Com um longo suspiro alongou seus braços, se preparando para unir às poções que já tinha mais algumas doses. Em uma pequena bolsa de couro se encontrava pomada cicatrizante, wiggenweld, poção calmante e uma dose de felix felicis, junto à algumas ataduras. Pretendia separar o suficiente para colocar em seu cinto de utilidades, e entregar uma pequena quantia reserva à Bulstrode. Responsável por reunir o necessário para levarem à câmara, Blaise sabia que em um contexto onde até mesmo passagens secretas estavam lacradas, habitar o lar do basilisco não seria a mais fácil das tarefas. Poderia perder uma noite de sono, mas precisava fazer valer a pena a sua escolha de finalmente se entregar.

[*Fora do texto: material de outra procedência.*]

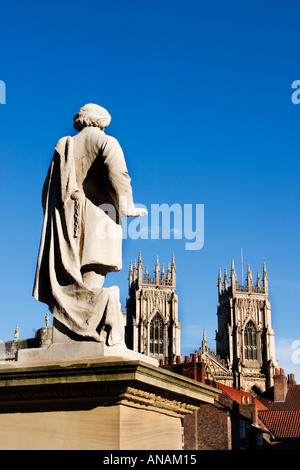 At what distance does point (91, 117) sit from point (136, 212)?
2.61ft

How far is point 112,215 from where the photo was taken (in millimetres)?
4555

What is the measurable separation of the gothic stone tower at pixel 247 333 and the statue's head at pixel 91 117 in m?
94.7

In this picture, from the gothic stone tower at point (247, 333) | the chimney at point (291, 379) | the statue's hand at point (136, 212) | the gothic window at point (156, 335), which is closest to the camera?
the statue's hand at point (136, 212)

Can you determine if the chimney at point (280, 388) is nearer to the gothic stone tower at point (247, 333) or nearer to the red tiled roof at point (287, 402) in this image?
the red tiled roof at point (287, 402)

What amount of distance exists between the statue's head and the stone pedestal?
1693mm

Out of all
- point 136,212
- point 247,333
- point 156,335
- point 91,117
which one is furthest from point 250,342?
point 136,212

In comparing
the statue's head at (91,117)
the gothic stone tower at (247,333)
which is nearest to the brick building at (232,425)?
the statue's head at (91,117)

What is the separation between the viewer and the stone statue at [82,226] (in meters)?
4.32

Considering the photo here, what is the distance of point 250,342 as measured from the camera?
103188 mm

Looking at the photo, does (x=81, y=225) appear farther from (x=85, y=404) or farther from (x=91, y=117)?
(x=85, y=404)

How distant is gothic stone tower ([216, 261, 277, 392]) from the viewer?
98.4 m

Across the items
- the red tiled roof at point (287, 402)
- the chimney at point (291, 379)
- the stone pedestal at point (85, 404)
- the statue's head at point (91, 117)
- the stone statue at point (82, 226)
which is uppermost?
the chimney at point (291, 379)

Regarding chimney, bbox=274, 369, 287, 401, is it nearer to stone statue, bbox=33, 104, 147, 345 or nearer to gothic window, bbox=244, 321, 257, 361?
gothic window, bbox=244, 321, 257, 361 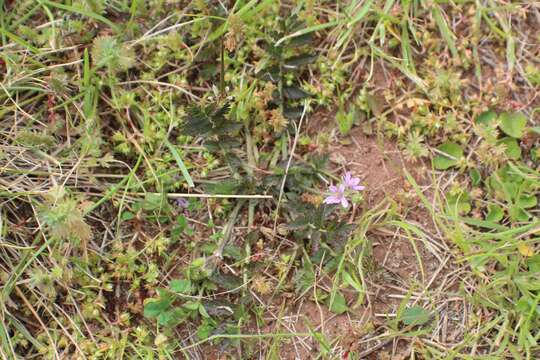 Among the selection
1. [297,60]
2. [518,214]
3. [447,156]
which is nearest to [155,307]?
[297,60]

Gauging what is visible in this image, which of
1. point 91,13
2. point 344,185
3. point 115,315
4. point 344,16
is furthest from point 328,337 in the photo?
point 91,13

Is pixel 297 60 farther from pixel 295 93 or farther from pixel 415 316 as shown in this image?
pixel 415 316

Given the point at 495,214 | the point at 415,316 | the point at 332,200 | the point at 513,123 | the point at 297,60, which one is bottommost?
the point at 415,316

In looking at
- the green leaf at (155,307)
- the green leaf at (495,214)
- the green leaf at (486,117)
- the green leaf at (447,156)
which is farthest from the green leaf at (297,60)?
the green leaf at (155,307)

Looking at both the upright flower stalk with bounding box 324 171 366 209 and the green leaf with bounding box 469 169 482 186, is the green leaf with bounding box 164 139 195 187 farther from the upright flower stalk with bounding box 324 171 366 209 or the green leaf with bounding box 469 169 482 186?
the green leaf with bounding box 469 169 482 186

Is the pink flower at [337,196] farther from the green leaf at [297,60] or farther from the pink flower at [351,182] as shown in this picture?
the green leaf at [297,60]

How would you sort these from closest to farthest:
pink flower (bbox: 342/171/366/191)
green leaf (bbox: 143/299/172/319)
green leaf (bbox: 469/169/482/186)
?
green leaf (bbox: 143/299/172/319)
pink flower (bbox: 342/171/366/191)
green leaf (bbox: 469/169/482/186)

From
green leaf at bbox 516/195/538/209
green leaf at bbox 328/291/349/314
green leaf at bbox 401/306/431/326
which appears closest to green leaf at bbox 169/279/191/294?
green leaf at bbox 328/291/349/314

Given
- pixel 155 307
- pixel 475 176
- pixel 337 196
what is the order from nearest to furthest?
pixel 155 307
pixel 337 196
pixel 475 176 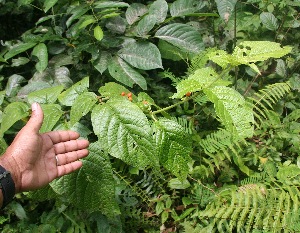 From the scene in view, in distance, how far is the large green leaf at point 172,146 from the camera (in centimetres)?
124

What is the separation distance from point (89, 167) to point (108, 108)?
0.33 meters

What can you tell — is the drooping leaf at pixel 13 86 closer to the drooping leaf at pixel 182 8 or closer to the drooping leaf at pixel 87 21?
the drooping leaf at pixel 87 21

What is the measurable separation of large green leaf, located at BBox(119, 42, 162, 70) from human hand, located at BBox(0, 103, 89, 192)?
2.81 ft

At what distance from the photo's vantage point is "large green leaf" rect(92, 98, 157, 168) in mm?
1195

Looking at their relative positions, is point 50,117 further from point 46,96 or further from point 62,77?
point 62,77

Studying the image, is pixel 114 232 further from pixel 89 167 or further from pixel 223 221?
pixel 89 167

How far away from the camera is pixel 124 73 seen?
215 centimetres

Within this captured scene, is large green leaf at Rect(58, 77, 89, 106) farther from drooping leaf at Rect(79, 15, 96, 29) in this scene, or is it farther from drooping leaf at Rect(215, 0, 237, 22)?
drooping leaf at Rect(215, 0, 237, 22)

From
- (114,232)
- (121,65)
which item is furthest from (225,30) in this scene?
(114,232)

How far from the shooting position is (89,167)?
140 cm

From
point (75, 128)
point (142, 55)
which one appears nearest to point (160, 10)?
point (142, 55)

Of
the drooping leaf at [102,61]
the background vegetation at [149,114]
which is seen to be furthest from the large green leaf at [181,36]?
the drooping leaf at [102,61]

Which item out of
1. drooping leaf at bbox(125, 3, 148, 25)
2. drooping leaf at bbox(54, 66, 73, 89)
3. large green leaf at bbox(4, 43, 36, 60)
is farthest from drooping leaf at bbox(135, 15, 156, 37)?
large green leaf at bbox(4, 43, 36, 60)

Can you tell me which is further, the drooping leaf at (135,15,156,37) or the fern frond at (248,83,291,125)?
the fern frond at (248,83,291,125) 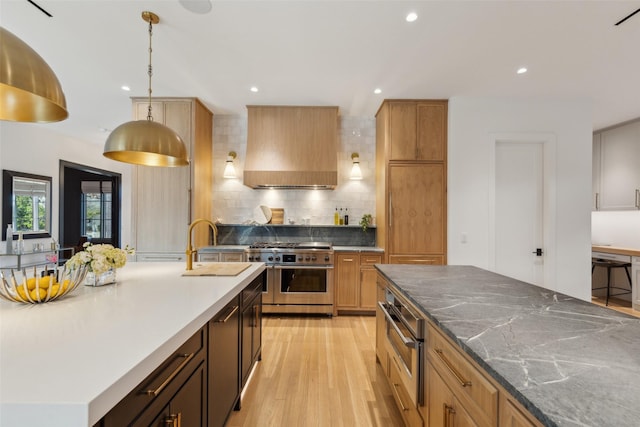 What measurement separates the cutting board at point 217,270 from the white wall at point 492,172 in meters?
2.79

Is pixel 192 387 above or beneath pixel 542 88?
beneath

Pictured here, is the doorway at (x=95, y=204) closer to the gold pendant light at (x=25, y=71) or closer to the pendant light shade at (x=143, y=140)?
the pendant light shade at (x=143, y=140)

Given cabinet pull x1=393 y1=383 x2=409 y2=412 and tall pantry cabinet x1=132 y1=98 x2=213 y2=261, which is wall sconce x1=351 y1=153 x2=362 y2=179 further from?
cabinet pull x1=393 y1=383 x2=409 y2=412

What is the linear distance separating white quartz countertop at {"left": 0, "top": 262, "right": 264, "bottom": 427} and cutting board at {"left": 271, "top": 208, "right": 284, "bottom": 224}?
275 centimetres

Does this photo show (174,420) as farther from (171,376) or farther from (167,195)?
(167,195)

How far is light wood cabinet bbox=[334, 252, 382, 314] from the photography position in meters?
3.67

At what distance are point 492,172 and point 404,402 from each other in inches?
123

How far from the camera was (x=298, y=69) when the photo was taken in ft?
9.63

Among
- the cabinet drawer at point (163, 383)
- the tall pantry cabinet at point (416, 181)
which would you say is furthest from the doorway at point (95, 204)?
the cabinet drawer at point (163, 383)

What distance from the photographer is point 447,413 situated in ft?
3.49

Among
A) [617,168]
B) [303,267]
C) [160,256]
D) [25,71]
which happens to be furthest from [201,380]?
[617,168]

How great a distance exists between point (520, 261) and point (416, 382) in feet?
10.5

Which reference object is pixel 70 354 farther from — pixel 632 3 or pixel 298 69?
pixel 632 3

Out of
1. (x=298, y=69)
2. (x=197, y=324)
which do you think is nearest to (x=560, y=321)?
(x=197, y=324) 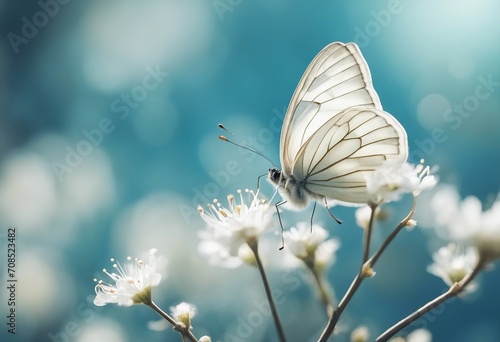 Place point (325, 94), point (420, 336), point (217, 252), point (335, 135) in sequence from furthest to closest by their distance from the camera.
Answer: point (325, 94) → point (335, 135) → point (217, 252) → point (420, 336)

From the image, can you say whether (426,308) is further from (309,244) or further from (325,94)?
(325,94)

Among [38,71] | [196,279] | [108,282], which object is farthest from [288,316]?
[38,71]

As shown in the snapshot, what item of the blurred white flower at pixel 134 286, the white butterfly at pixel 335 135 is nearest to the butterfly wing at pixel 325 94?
the white butterfly at pixel 335 135

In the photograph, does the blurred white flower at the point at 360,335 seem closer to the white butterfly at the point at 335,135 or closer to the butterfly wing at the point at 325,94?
the white butterfly at the point at 335,135

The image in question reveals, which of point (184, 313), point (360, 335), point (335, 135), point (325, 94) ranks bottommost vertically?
point (360, 335)

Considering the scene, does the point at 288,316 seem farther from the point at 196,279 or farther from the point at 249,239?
the point at 249,239

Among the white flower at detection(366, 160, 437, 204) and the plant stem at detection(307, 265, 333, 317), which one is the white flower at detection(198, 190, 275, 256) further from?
the white flower at detection(366, 160, 437, 204)

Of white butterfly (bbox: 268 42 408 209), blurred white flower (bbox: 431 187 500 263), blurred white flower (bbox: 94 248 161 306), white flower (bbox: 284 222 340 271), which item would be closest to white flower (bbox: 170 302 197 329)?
blurred white flower (bbox: 94 248 161 306)

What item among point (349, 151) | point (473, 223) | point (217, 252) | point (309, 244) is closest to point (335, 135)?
point (349, 151) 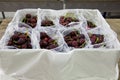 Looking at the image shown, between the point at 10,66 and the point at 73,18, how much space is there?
1.82ft

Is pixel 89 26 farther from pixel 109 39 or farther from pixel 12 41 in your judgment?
pixel 12 41

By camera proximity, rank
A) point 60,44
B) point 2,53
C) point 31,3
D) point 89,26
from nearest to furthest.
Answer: point 2,53 < point 60,44 < point 89,26 < point 31,3

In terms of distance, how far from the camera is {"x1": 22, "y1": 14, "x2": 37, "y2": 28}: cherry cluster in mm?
1161

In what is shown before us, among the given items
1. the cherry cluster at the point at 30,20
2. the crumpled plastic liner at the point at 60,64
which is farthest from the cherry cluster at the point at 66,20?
the crumpled plastic liner at the point at 60,64

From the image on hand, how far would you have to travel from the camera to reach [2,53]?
34.2 inches

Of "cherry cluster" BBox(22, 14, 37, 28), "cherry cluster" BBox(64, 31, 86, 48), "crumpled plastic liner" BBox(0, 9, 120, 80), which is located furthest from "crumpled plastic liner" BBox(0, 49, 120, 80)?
"cherry cluster" BBox(22, 14, 37, 28)

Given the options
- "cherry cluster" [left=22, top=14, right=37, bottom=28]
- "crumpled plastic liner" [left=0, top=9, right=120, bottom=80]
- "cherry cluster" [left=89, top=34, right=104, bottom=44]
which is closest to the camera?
"crumpled plastic liner" [left=0, top=9, right=120, bottom=80]

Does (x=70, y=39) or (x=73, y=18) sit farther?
(x=73, y=18)

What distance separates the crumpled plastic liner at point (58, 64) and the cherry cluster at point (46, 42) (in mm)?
91

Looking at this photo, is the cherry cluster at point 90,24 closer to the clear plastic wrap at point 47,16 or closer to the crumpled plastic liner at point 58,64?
the clear plastic wrap at point 47,16

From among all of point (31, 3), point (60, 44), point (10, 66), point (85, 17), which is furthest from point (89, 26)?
point (31, 3)

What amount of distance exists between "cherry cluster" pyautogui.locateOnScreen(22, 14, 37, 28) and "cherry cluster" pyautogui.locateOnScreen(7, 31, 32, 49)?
14 centimetres

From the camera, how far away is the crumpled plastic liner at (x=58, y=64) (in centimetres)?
88

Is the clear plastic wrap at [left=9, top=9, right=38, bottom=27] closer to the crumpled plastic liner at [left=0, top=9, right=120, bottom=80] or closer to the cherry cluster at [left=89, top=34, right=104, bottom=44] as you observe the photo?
the crumpled plastic liner at [left=0, top=9, right=120, bottom=80]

Sentia-se esgotado. Toda a energia que tinha, parecia ter sido drenada enquanto criava os mapas para a câmara; se fosse fazer apenas um, talvez não estivesse daquela forma. Mas precisava fazer vários, contendo o máximo de detalhes que conseguia observar e distinguir no meio de seus estudos. @astxgreengrass seria seu último recurso, não sabia o que faria se a garota não tivesse o que precisava. "Olha, eu sei que é extremamente rude chegar e pedir um favor do nada..." começou a murmurar. As olheiras sob seus olhos denunciavam o cansaço. "... vou te compensar depois. Mas... Você tem bagos de acácia?"